Target: Washington Fish and Wildlife Commission Chair and Director of the Marine Program Miranda Wecker
Goal: Increase restrictions on octopus hunting in Puget Sound by reducing the harvesting limit and enforcing humane hunting methods
A recent event sparked massive public outrage when a Washington diver was seen cruelly beating an octopus to death near the popular diving area of Alki Point near Seattle. The inhumane act, allegedly a form of “art,” according to the accused diver, sparked an intense debate regarding octopus hunting in the area.
Currently, in the state of Washington, people with a valid fishing license are permitted to capture one octopus per day in Puget Sound. The giant Pacific octopus, the dominant species of octopus in the area, is a familiar sight to divers who frequent Alki Point. These animals can weigh up to 90 pounds and have an arm span of 20 feet.

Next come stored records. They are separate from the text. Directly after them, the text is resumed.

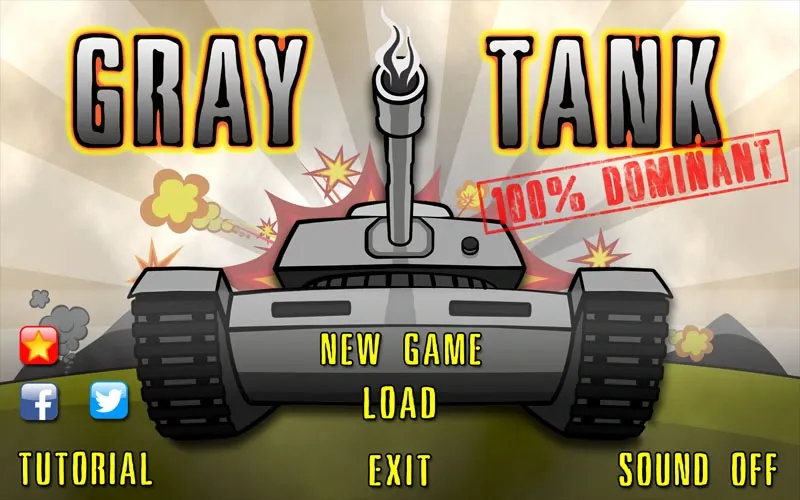 Скриншот 1 к игре GRAY TANK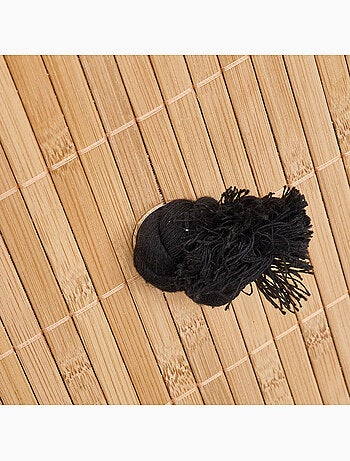 Panier à linge rond 48l stemy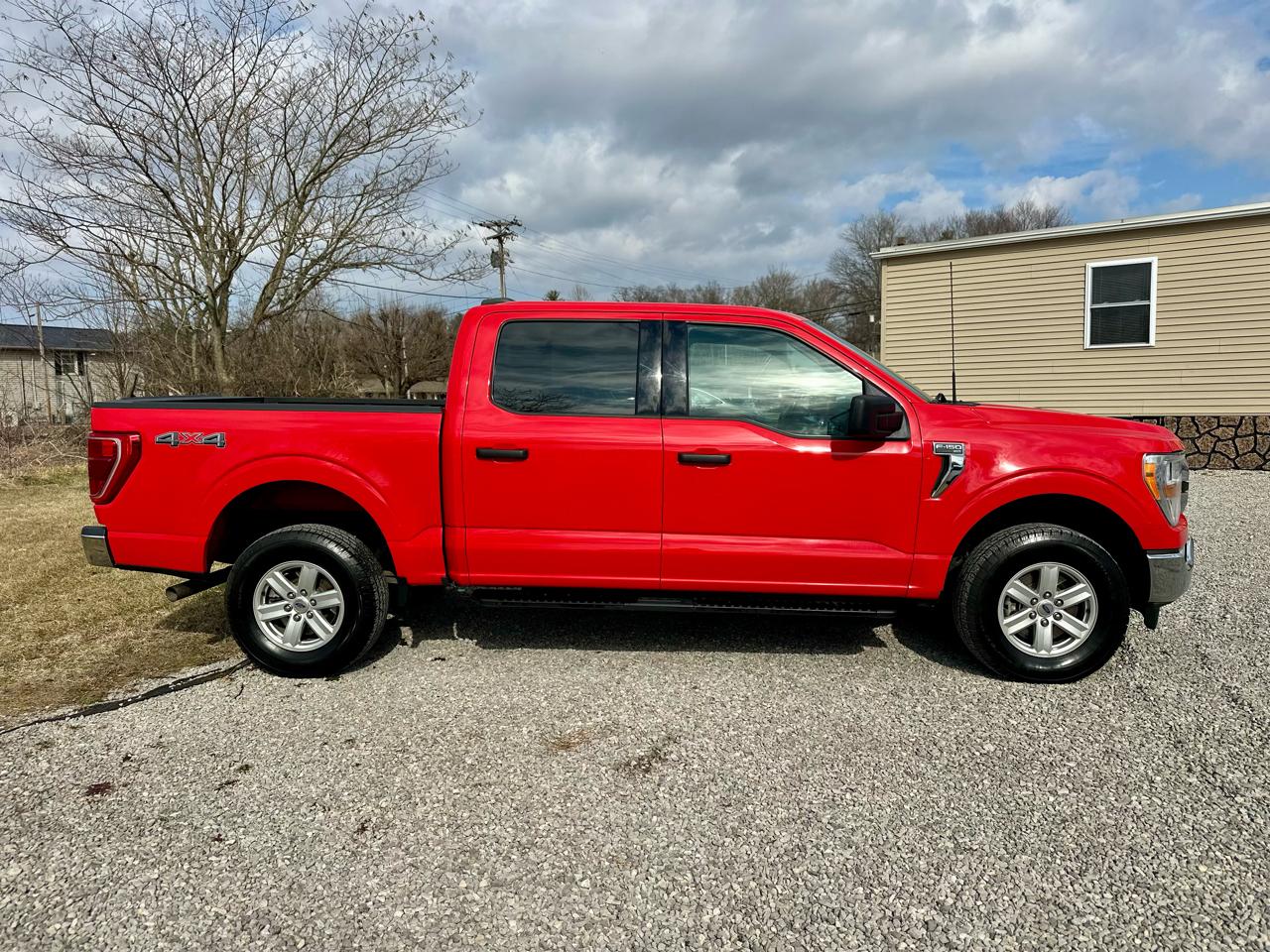 Ford F-150 XL SuperCrew 6.5-ft. Bed 4WD 2022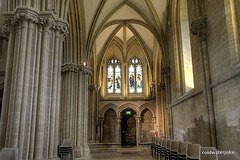 Wells Cathedral Side aisle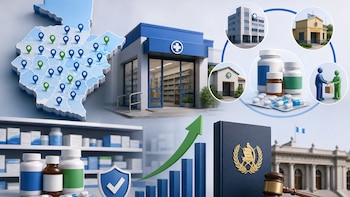 El Programa de Accesibilidad de Medicamentos alcanza 233 establecimientos en Guatemala con presencia en 141 municipios de los 22 departamentos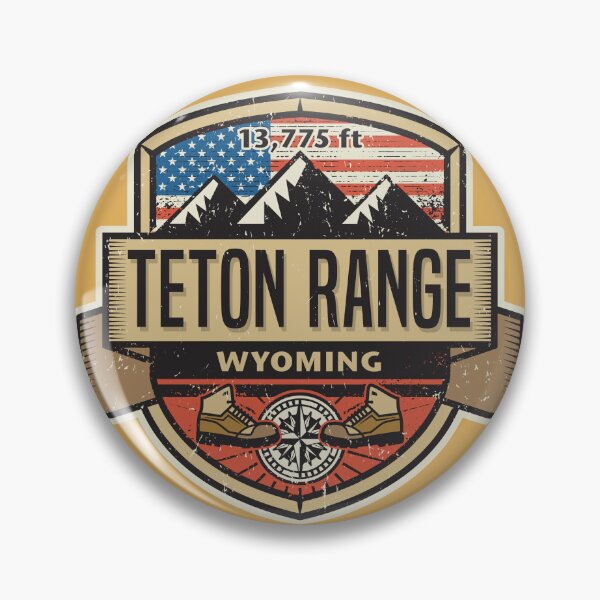 Item preview, Teton Range, Wyoming, United States designed and sold by studio838.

Despite this massive size, however, they are continually hunted for their meat and other uses.
The Washington Fish and Wildlife Commission is currently deciding on whether or not octopus hunting should be restricted or even banned altogether. Although giant Pacific octopuses are not presently on the list of threatened species, the cruel abuses carried out by the diver who beat an octopus to death on shore have prompted grave concern over how these animals are treated. Furthermore, octopuses are a vital part of the natural marine ecosystem in Puget Sound. In order to ensure that this ecosystem continues to thrive, the giant Pacific octopus must be protected.
Encourage the preservation and humane treatment of the giant Pacific octopus by encouraging the Washington Fish and Wildlife Commission to increase regulation on octopus hunting. Ask that the commission reducing the number of octopuses an individual can harvest each month and to strictly enforce humane methods of hunting with penalty fines or removal of fishing licenses.
Dear Washington Fish and Wildlife Chair Miranda Wecker,
The recent event involving a diver who captured and cruelly beat an octopus to death on shore near Alki Point has brought to light the dire need for stricter protections for the giant Pacific octopus. These magnificent animals are a vital part of the natural marine ecosystem of Puget Sound and deserve to be treated with respect.
Currently, a person with a valid state fishing license is permitted to capture one octopus per day from the area. While this number may seem low, it totals to potentially more than 30 octopuses harvested per licensed person each month.
Furthermore, the need to hunt octopuses is relatively trivial, and the act is carried out more for sport than anything else.
I strongly urge you to increase restrictions on octopus hunting in Puget Sound by lowering the harvesting limit and by strictly enforcing humane hunting methods. In this way, you will help to ensure that one diver’s cruel acts are never repeated.